PROBLEM TO SOLVE:
Output the entries below so that they read exactly as they do now.

(MATERIAL SHOWN)

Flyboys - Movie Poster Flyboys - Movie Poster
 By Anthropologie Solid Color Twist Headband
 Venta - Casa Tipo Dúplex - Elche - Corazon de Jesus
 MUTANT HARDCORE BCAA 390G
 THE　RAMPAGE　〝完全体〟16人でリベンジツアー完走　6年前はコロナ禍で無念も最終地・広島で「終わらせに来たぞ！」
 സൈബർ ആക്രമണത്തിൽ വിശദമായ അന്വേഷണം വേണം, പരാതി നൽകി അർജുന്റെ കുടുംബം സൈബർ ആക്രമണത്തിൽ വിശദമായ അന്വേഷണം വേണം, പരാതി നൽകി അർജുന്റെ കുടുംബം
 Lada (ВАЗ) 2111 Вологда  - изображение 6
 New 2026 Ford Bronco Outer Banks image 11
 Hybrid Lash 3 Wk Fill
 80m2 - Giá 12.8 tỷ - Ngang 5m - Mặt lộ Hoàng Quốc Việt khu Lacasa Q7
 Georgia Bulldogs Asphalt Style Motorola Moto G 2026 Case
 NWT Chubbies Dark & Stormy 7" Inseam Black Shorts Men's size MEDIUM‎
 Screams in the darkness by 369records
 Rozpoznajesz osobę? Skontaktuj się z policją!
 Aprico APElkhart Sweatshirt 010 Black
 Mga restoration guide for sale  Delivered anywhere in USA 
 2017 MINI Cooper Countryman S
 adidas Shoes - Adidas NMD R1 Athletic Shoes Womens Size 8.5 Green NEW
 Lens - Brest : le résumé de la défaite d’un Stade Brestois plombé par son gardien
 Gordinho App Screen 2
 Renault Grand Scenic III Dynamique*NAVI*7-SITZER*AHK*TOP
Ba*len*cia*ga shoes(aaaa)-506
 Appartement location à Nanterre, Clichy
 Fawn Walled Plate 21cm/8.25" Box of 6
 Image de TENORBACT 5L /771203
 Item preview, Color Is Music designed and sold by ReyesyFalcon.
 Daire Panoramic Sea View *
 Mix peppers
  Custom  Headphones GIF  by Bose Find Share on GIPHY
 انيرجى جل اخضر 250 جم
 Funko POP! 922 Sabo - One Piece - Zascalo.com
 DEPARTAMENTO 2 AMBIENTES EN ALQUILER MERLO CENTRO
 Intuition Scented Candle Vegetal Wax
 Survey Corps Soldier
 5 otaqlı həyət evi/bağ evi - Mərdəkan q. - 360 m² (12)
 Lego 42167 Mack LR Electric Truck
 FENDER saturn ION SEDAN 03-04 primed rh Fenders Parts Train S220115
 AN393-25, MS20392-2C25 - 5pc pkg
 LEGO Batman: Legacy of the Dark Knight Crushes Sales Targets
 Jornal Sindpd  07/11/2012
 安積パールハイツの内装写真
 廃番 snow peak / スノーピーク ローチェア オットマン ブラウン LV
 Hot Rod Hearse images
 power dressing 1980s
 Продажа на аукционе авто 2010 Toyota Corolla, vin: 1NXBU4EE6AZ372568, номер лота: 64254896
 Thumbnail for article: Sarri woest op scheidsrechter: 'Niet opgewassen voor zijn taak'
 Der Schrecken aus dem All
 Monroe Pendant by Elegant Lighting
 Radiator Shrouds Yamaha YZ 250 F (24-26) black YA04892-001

(End MATERIAL SHOWN)

OUTPUT:
Flyboys - Movie Poster Flyboys - Movie Poster
 By Anthropologie Solid Color Twist Headband
 Venta - Casa Tipo Dúplex - Elche - Corazon de Jesus
 MUTANT HARDCORE BCAA 390G
 THE　RAMPAGE　〝完全体〟16人でリベンジツアー完走　6年前はコロナ禍で無念も最終地・広島で「終わらせに来たぞ！」
 സൈബർ ആക്രമണത്തിൽ വിശദമായ അന്വേഷണം വേണം, പരാതി നൽകി അർജുന്റെ കുടുംബം സൈബർ ആക്രമണത്തിൽ വിശദമായ അന്വേഷണം വേണം, പരാതി നൽകി അർജുന്റെ കുടുംബം
 Lada (ВАЗ) 2111 Вологда  - изображение 6
 New 2026 Ford Bronco Outer Banks image 11
 Hybrid Lash 3 Wk Fill
 80m2 - Giá 12.8 tỷ - Ngang 5m - Mặt lộ Hoàng Quốc Việt khu Lacasa Q7
 Georgia Bulldogs Asphalt Style Motorola Moto G 2026 Case
 NWT Chubbies Dark & Stormy 7" Inseam Black Shorts Men's size MEDIUM‎
 Screams in the darkness by 369records
 Rozpoznajesz osobę? Skontaktuj się z policją!
 Aprico APElkhart Sweatshirt 010 Black
 Mga restoration guide for sale  Delivered anywhere in USA 
 2017 MINI Cooper Countryman S
 adidas Shoes - Adidas NMD R1 Athletic Shoes Womens Size 8.5 Green NEW
 Lens - Brest : le résumé de la défaite d’un Stade Brestois plombé par son gardien
 Gordinho App Screen 2
 Renault Grand Scenic III Dynamique*NAVI*7-SITZER*AHK*TOP
Ba*len*cia*ga shoes(aaaa)-506
 Appartement location à Nanterre, Clichy
 Fawn Walled Plate 21cm/8.25" Box of 6
 Image de TENORBACT 5L /771203
 Item preview, Color Is Music designed and sold by ReyesyFalcon.
 Daire Panoramic Sea View *
 Mix peppers
  Custom  Headphones GIF  by Bose Find Share on GIPHY
 انيرجى جل اخضر 250 جم
 Funko POP! 922 Sabo - One Piece - Zascalo.com
 DEPARTAMENTO 2 AMBIENTES EN ALQUILER MERLO CENTRO
 Intuition Scented Candle Vegetal Wax
 Survey Corps Soldier
 5 otaqlı həyət evi/bağ evi - Mərdəkan q. - 360 m² (12)
 Lego 42167 Mack LR Electric Truck
 FENDER saturn ION SEDAN 03-04 primed rh Fenders Parts Train S220115
 AN393-25, MS20392-2C25 - 5pc pkg
 LEGO Batman: Legacy of the Dark Knight Crushes Sales Targets
 Jornal Sindpd  07/11/2012
 安積パールハイツの内装写真
 廃番 snow peak / スノーピーク ローチェア オットマン ブラウン LV
 Hot Rod Hearse images
 power dressing 1980s
 Продажа на аукционе авто 2010 Toyota Corolla, vin: 1NXBU4EE6AZ372568, номер лота: 64254896
 Thumbnail for article: Sarri woest op scheidsrechter: 'Niet opgewassen voor zijn taak'
 Der Schrecken aus dem All
 Monroe Pendant by Elegant Lighting
 Radiator Shrouds Yamaha YZ 250 F (24-26) black YA04892-001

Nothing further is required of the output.